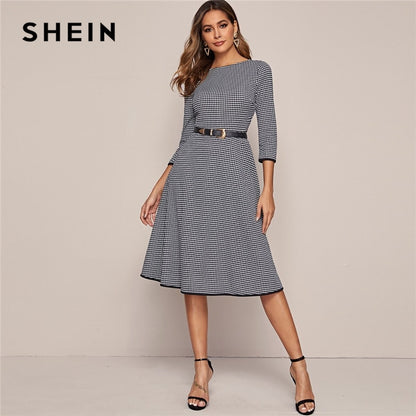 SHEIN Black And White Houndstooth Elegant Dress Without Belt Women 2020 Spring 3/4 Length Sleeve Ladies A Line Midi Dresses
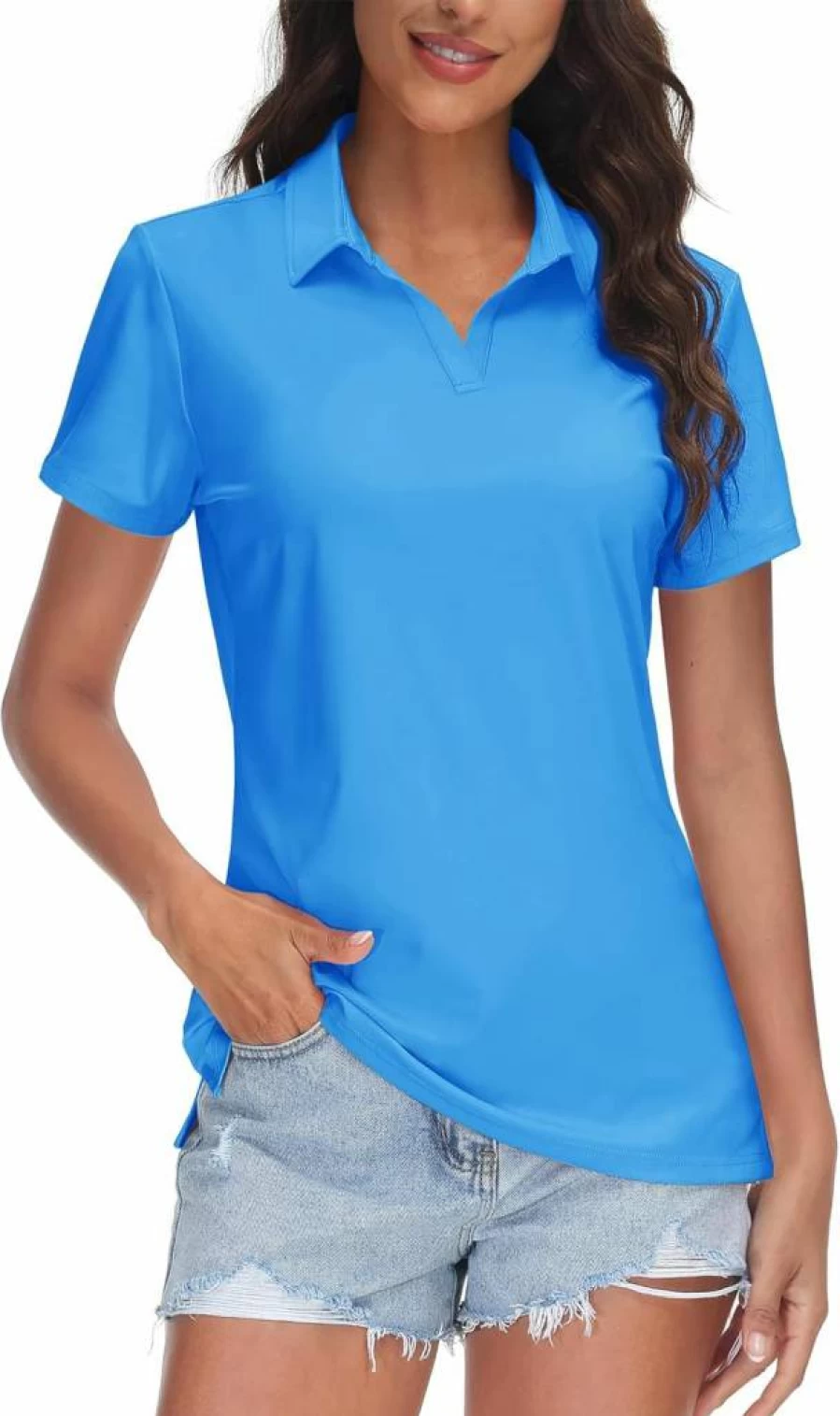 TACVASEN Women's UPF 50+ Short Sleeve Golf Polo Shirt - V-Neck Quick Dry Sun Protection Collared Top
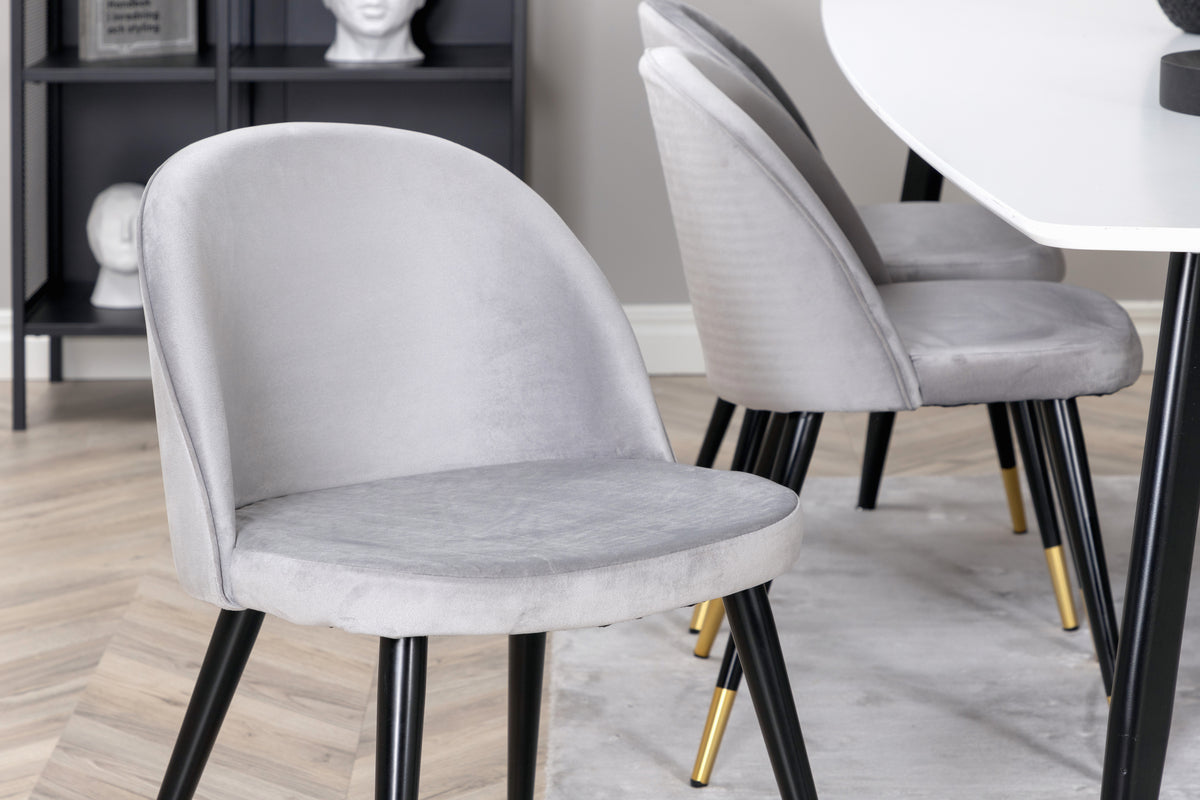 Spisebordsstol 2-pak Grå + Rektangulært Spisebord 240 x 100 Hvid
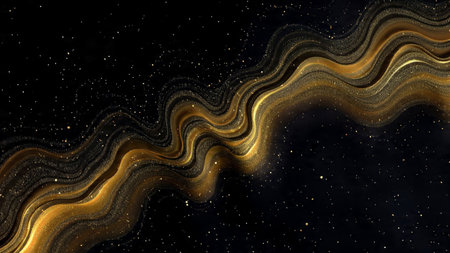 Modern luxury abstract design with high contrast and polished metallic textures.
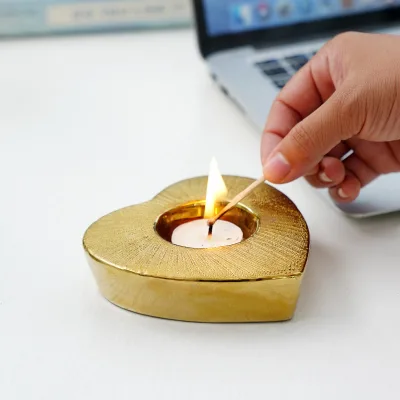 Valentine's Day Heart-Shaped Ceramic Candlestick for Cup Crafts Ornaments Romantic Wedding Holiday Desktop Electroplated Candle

+-------+

EXERCISE AIM -> Everything from the line with "TACVASEN Women's UPF" through the last line above must be repeated exactly, except the pictures.

TASK ANSWER ->
 TACVASEN Women's UPF 50+ Short Sleeve Golf Polo Shirt - V-Neck Quick Dry Sun Protection Collared Top
 Spisebordsstol 2-pak Grå + Rektangulært Spisebord 240 x 100 Hvid
 Modern luxury abstract design with high contrast and polished metallic textures.
 Valentine's Day Heart-Shaped Ceramic Candlestick for Cup Crafts Ornaments Romantic Wedding Holiday Desktop Electroplated Candle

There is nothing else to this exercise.